Beninteso, non si vuole che sia sottoposta a controllo esterno la legittimazione alla continuazione di una intrapresa attività economica, così come non si vuole disconoscere il carattere incentivante del progresso economico che ha assunto nel tempo la “limitazione della responsabilità del socio” (e ciò attraverso il meccanismo della personalità giuridica e dell’autonomia patrimoniale riconosciute alle società). Non si tratta di tornare indietro, ma di guardare avanti e di considerare censurabile – non solo a parole, ma con i fatti – una iniziativa economica sprovveduta. Se davvero si ritiene che oggigiorno all’attività economica “l’ordinamento non conced(e) un diritto di cittadinanza assoluto, ma … un privilegio condizionato, il cui esercizio dunque è legittimo nella misura in cui l’iniziativa economica venga organizzata e gestita in condizioni di continuo equilibrio, non solo di natura finanziaria, ma anche rispetto a quei valori, quelle istanze, quei principi costituzionali consacrati negli articolo 9 e 41 della Carta costituzionale” (così, testualmente, ancora P. Benazzo, Gli strumenti di regolazione della crisi cit.), allora tutti i protagonisti dell’impresa – ciascuno per quanto gli compete – dovranno essere responsabilizzati nella conduzione della stessa impresa se la si vuole, non solo a mo’ di retorica, sostenibile.

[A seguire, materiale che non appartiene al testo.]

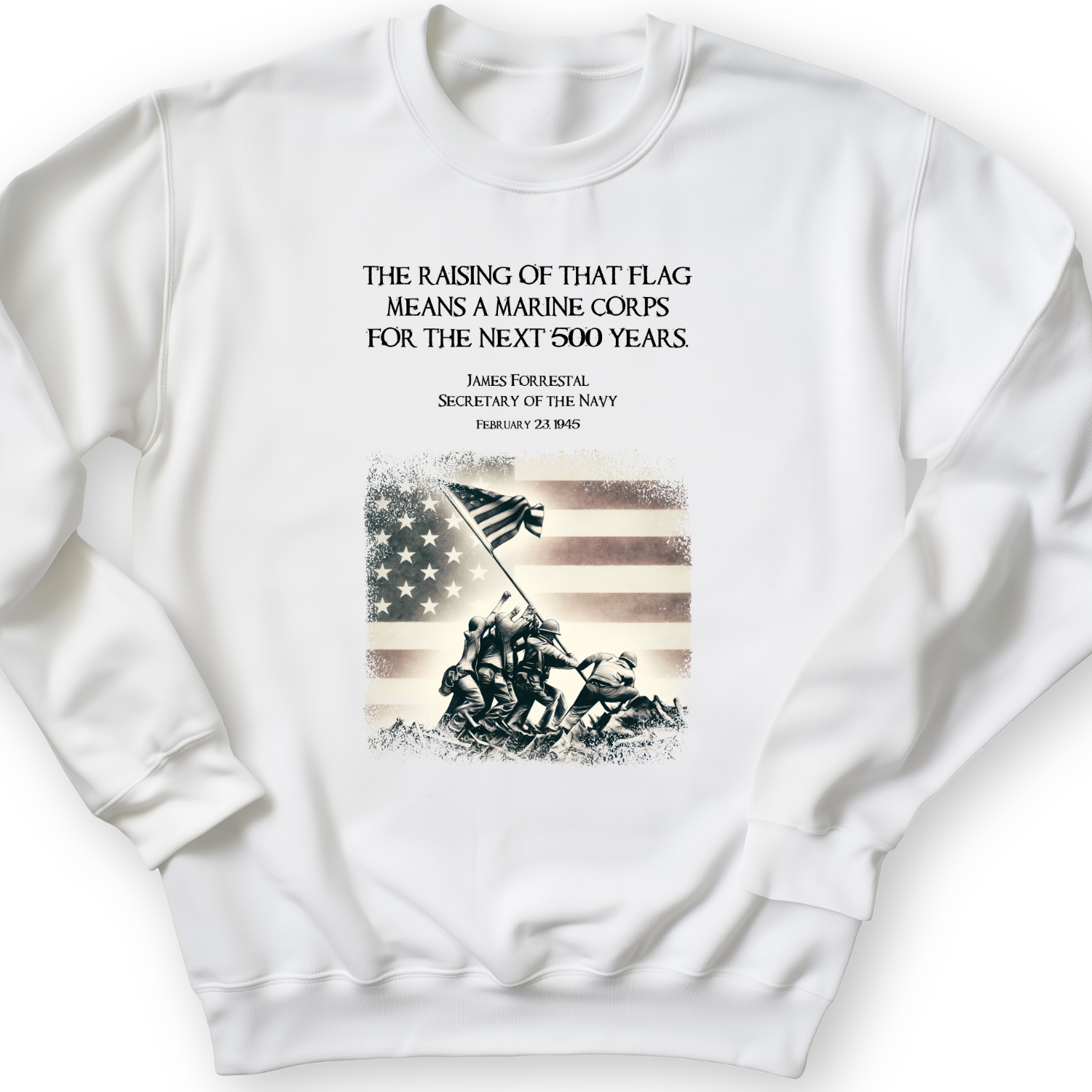 Iwo Jima Flag Crewneck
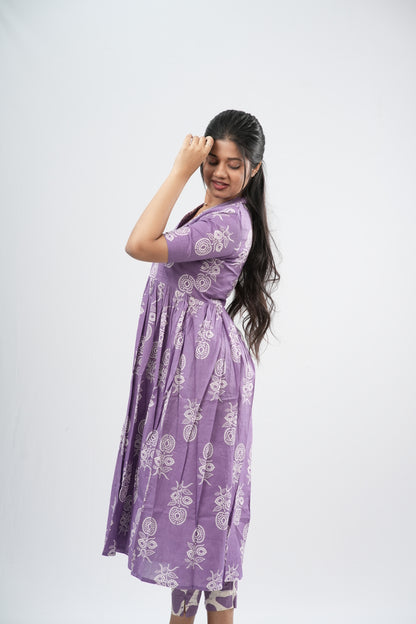Lavender & White Mandala Cotton Co-ord Set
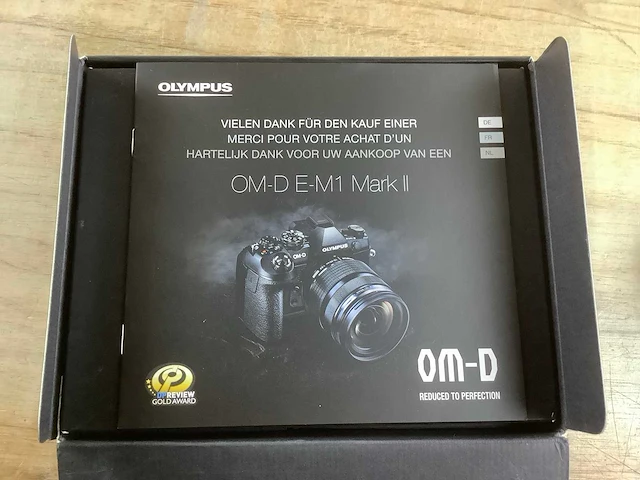 Olympus camera om-d e-m1 mark ii body (black) - afbeelding 3 van  9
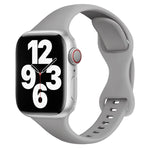 小さめウエストバタフライバックルウォッチバンド, Apple Watchシリーズ用, 7 45mm / 6&SE&5&4 44mm / 3&2&1 42mm, 7 41mm / 6&SE&5&4 40mm / 3&2&1 38mm
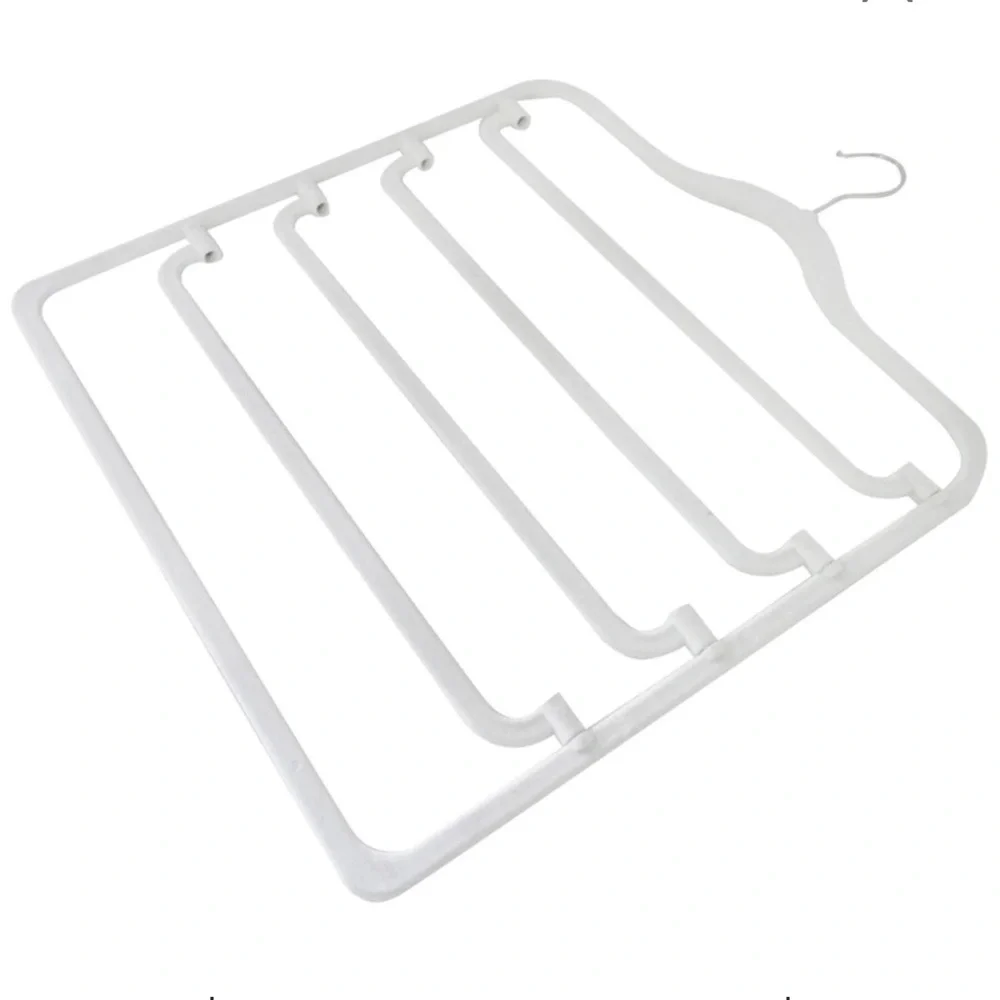 Flocked White No-Slip Flocked Pant Hanger
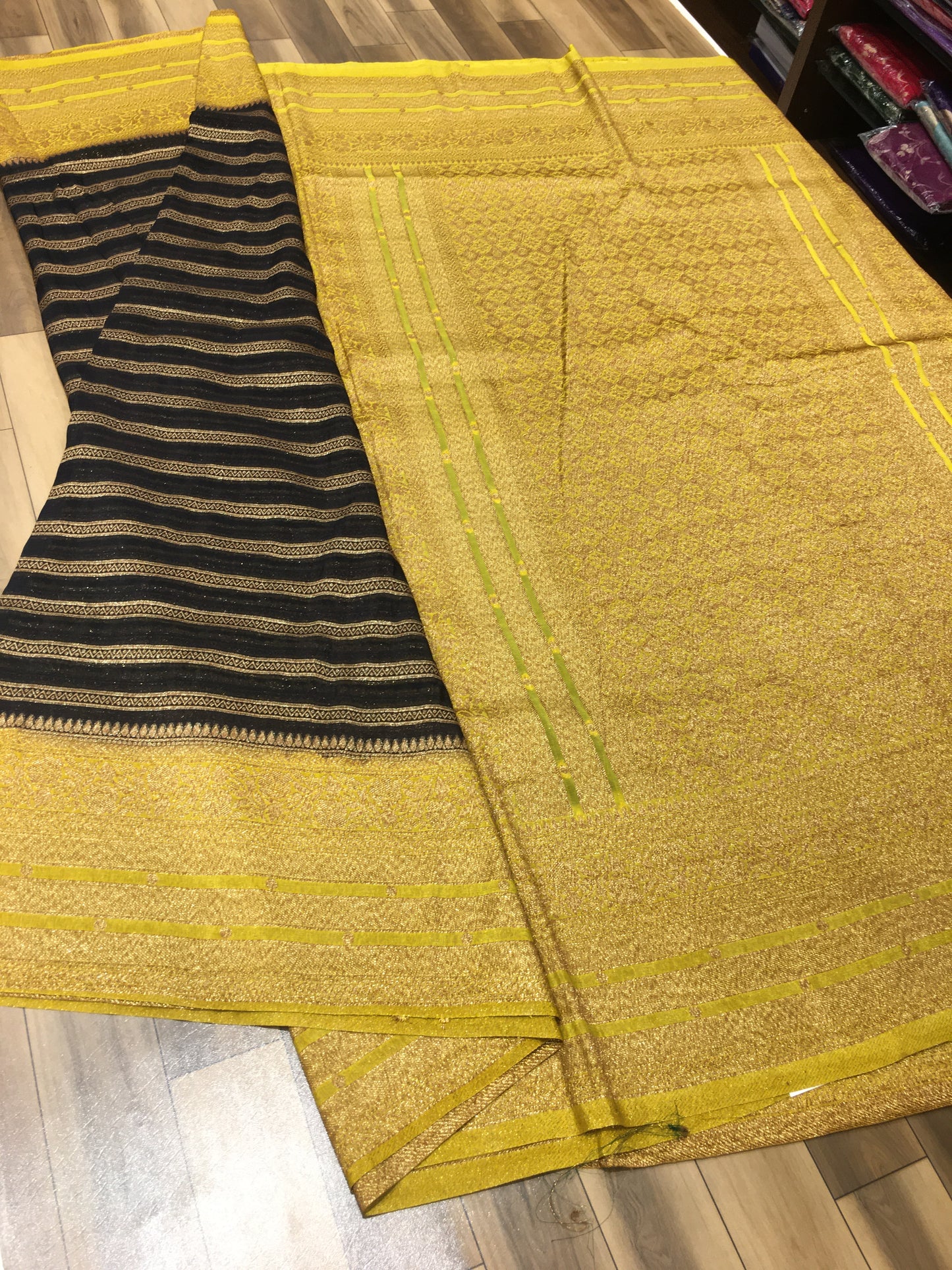 Dupion silk saree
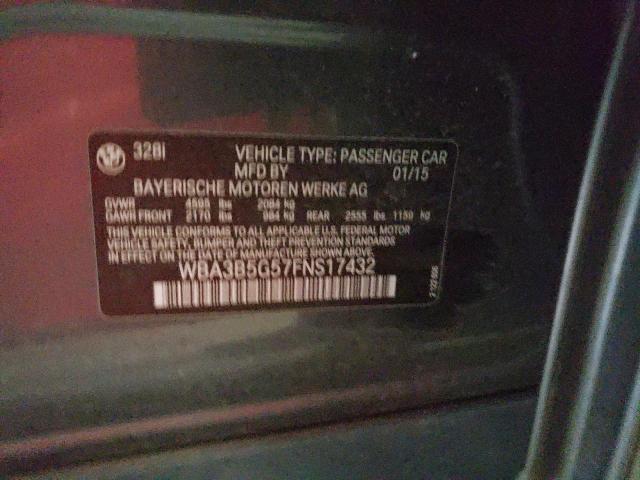 WBA3B5G57FNS17432 BMW 328 Xi Sulev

È appena il caso di puntualizzare che questa responsabilizzazione dei soci, all’inizio della vita della società, circa l’istituzione di adeguati assetti, non è priva di contrappesi, se si considera che anche il socio di minoranza di S.r.l., dopo il CCII e ai sensi del pure interpolato art. 2477, ultimo comma, c.c., può promuovere il ricorso ex art. 2409 c.c. (“Denunzia al tribunale”) per arrivare persino a far rimuovere l’amministratore che in ipotesi, seppur dotato di adeguate risorse, non istituisca adeguati assetti (mi sia consentito il rinvio a L’articolo 2409 del Cc e la sua duplice valenza alla luce dell’entrata in vigore del Ccii).